Die Sicherheitsbehörden sperrten das Gebiet rund um das Weiße Haus großräumig ab. Spezialkräfte und Ermittler sicherten den Tatort und untersuchen nun den genauen Ablauf des Vorfalls. Auch das Motiv des Schützen ist derzeit noch unbekannt.

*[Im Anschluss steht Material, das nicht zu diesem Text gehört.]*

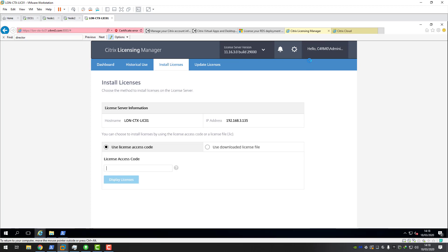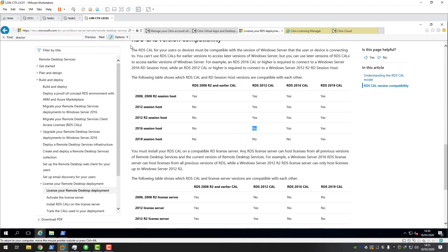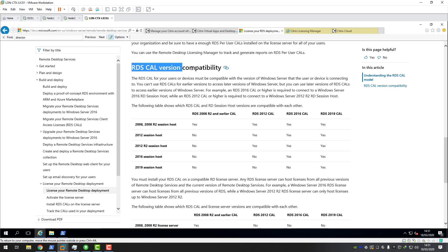We've now successfully installed our Citrix licensing server, activated and allocated our license file, installed the lic file, and all product licenses are shown as installed. We're now ready to move on to installing our RDS license server. Before doing that, I want to direct you to a web page with important information about the RDS license server version, RDS CAL versions, and the operating system version of your RDS license server - I suggest giving this a read as it sometimes catches people out.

Der Secret Service gehört zu den wichtigsten Sicherheitsbehörden der Vereinigten Staaten und ist unter anderem für den Schutz des Präsidenten, des Weißen Hauses sowie weiterer hochrangiger Regierungsvertreter zuständig. Rund um das Regierungsviertel in Washington gelten besonders strenge Sicherheitsmaßnahmen.

Zwischenfälle mit bewaffneten Personen in der Nähe des Weißen Hauses sorgen in den USA regelmäßig für große Aufmerksamkeit. In den vergangenen Jahren wurden die Sicherheitsvorkehrungen rund um das Regierungszentrum mehrfach verschärft – insbesondere nach Angriffen, Bedrohungen und politischen Gewalttaten.

Der aktuelle Vorfall dürfte die Debatte über Sicherheitslagen in der US-Hauptstadt erneut anheizen. Ermittler prüfen nun unter anderem, ob der Täter alleine handelte und ob es Hinweise auf politische oder persönliche Motive gibt.

Weitere Details zu Identität und Hintergrund des mutmaßlichen Angreifers wurden zunächst nicht veröffentlicht.